OK so the live blogging experiment was only partially successful (what can I say? I had a cold). But here, better late than never, is another post from our recent beer bloggers’ Czech trip.
In retrospect, some places seem fated to become what they are, drawn hopelessly to their destiny. I thought I knew the story of Plzen, but as with so many stories, the narrative is geological. Sometimes I’m a historian, but sometimes you have to be an archaeologist: if you gently scrape away the story on the surface, you find another one beneath, and maybe even one below that.
|Wonder if this is where my publisher got the idea for the horrid old cover of Man Walks into a Pub from?
Plzen (places in the Czech Republic have both German and Czech names, and when you’re there it starts to feel appropriate to use the Czech spelling) is synonymous with beer, and with the date 1842, when Josef Groll allegedly brewed the first golden lager, the style which eventually became known as Pilsner. That’s bollocks of course – there was golden lager before Groll – but there’s no denying the astonishing impact his intervention had on the beer world.
Legend has it that the circumstances leading up to Groll’s appointment saw the quality of the town’s beer deteriorate so badly that it was ceremonially poured down the drain in front of the town hall. Prior to this, the people of Plzen had had the right to brew themselves – a privilege not given lightly. After the ceremonial dumping of the beer, the city formed a burghers brewery, a collective venture that employed Groll and made history.
The clues to the layer beneath are there for all to see in that story. Why was beer so important to the citizens of Plzen? Why did they all have brewing rights?
And so you come back to fate and destiny.
Plzen lies in rolling, tree-lined Bohemian countryside. Naked, in the thirteenth century, it would have been one of those locations that screamed “Build on me!”, especially if you were looking to build a gaff that could be easily defended during centuries of almost constant warfare. Amid a confluence of rivers, stands a gentle, dome shaped hill. Town square on top of the hill, a cathedral in the middle of that with a 100-metre-high tower for observation, nice grid system of streets, a network of walls and moats at the bottom of the hill, and you’ve got a town that withstood fairly regular assault until 1618 and the opening exchanges of the Thirty Years War.
Why is this relevant to beer?
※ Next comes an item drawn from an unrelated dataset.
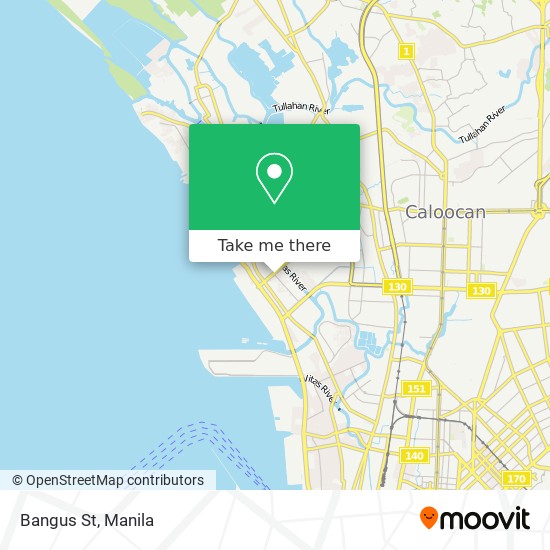 Bangus St map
Because that gentle hill is made of sandstone, easily excavated. And as soon as the town was granted its charter in 1295, the citizens began to dig. First cellars, then tunnels joining them up, and soon there was a 19km underground network inside the hill.
And according to the tour guide (not always reliable, but in this case very plausible), the initial reason for digging was storage for beer – in other words, lagering. All burghers had brewing rights, and it seems many used them. It backs up what Protzy has discovered talking to historic German breweries, that lagering goes back much longer than we thought. In the labyrinth beneath Plzen, there are even underground bars and restaurants, where people who brewed better beer than their neighbours sold it to them though holes in their cellar walls.
You can now go on a tour of the ‘Plzen historic underground’ starting at the town’s brewery museum. Thankfully the old man in Czech trousers who greets your hangover with traditional songs played on an accordion remains on the surface, and a sexy-librarian type tour guide issues hard hats (this is not just health and safety gone mad – you will smack your head) and guides you through 800 metres of tunnels and caves.
The sound of running water is constant. There are about 360 wells down here, providing the famous soft water that’s so important to Pilsner beer. The natural temperature is around five degrees Celsius. Among the many museum pieces are drinking vessels from down the centuries. Tin steins from the fifteenth century look pretty similar to anything you see in souvenir shops today.
|OK, the table’s from IKEA, but the tankard is over four centuries old.
All these factors – along with the treasured Saaz hops grown nearby – come together to make brewing great beer seem inevitable. Beer came to the Czech Republic with its first inhabitants – evidence of brewing and drinking has been found in the dwellings of early Teutons, Slavs and Celts, and by AD 922 the newly consecrated Bishop Vojtech was complaining about the scale of brewing in Brevnov monastery in Prague.
So Plzen was a hugely significant brewing city before Groll came along. In fact, that’s why they hired him – it was inconceivable that the city should have substandard beer after such a long brewing history. Plzen literally stands on its brewing heritage. The question is, what really happened to make such dramatic intervention necessary? Why did the burghers pool their collective brewing rights? Did the beer really deteriorate so badly it had to be poured away, or was the move simply a less dramatic reaction to the Industrial Revolution, an acknowledgement that brewing needed to happen on a bigger scale?
I don’t know, but in Plzen, nobody is saying anything to spoil the legend.